In Canada, concerns over the safety of reused disposables prompted the Manitoba Ministry of Health in February 1998 to institute a ban of critical disposables in Manitoba health care facilities. In response to this ban, the Deputy Ministers of Health instructed its Advisory Committee on Health Safety (ACHS) to set up a working group to consider the development of uniform policies to regulate the reuse of disposables. While the results of a commissioned survey on reuse practices were presented to the ACHS in May, 2001, to date, the ACHS has not formally responded to the survey results. It has however written to the Canadian Council on Health Services Accreditation to suggest inclusion of inspection of reprocessing and reuse facilities as part of the hospital accreditation process, which is the practice in the U.S.
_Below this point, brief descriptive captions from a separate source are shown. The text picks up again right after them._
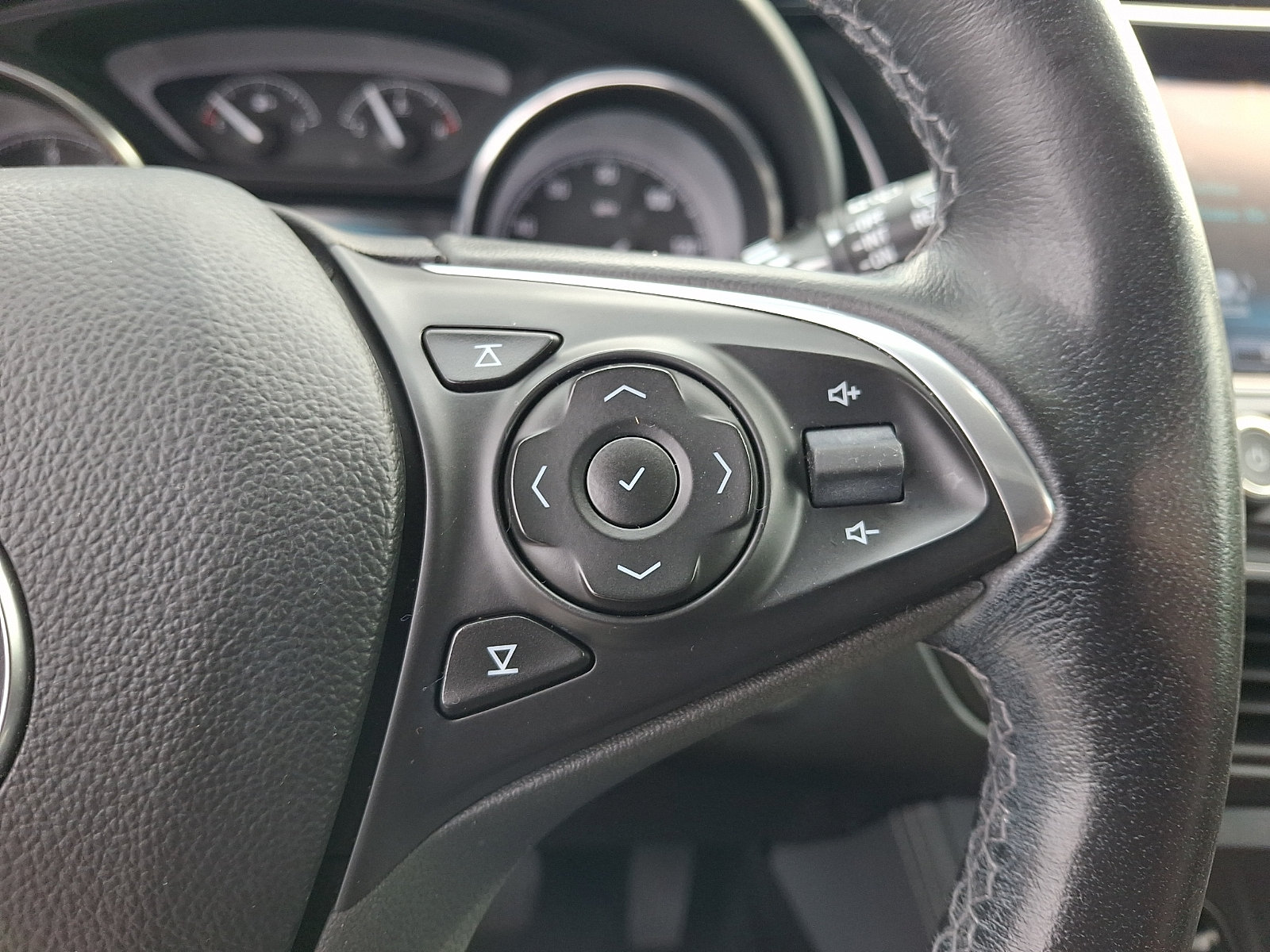 Used 2020 Buick Envision Essence FWD image 19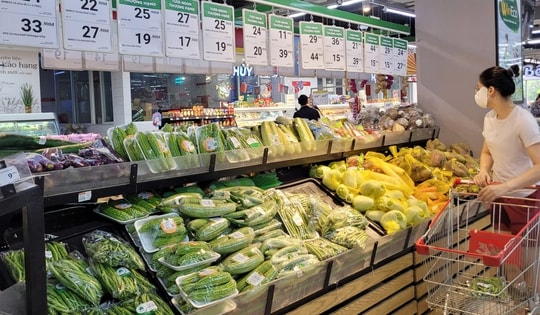 Trước bão số 11: Hàng hóa thiết yếu giảm sâu để kích cầu tiêu dùng và hỗ trợ người dân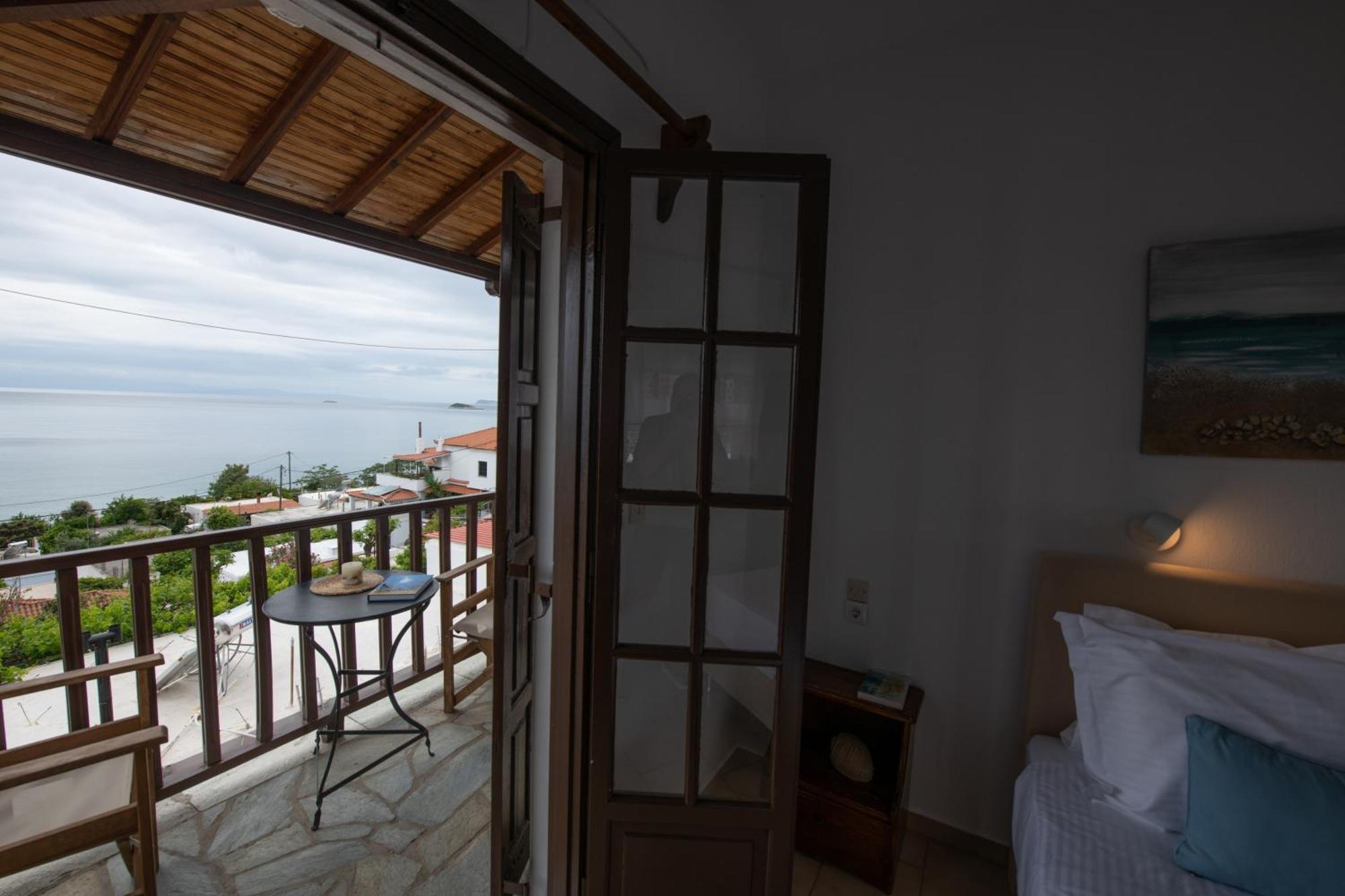 נאו קלימה Lilian Beachfront Apartments מראה חיצוני תמונה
Notwithstanding the lack of a clear regulatory mandate to oversee reprocessing and reuse activity within hospitals, Health Canada has been under pressure from device manufacturers, hospitals and other healthcare stakeholders to take action to standardize national and provincial policies on reuse. In response to this pressure, Health Canada has advised that it is reexamining its authority to regulate reuse practices and is developing options for policies and/or regulatory policy in this area.11 Hospital reprocessors will need to keep an eye on any developments initiated by Health Canada in this area.
Theories of Liability for Reprocessing and Reuse
This discussion of theories of legal liability for reprocessing and reuse must be prefaced with the disclaimer that, as there has been no reported case on this issue in Canada, my analysis, while reasonable and based on established trends in the case law, is ultimately speculative. The definitive word on the liability of hospital reprocessors will have to come from the courts when a case on this issue presents itself.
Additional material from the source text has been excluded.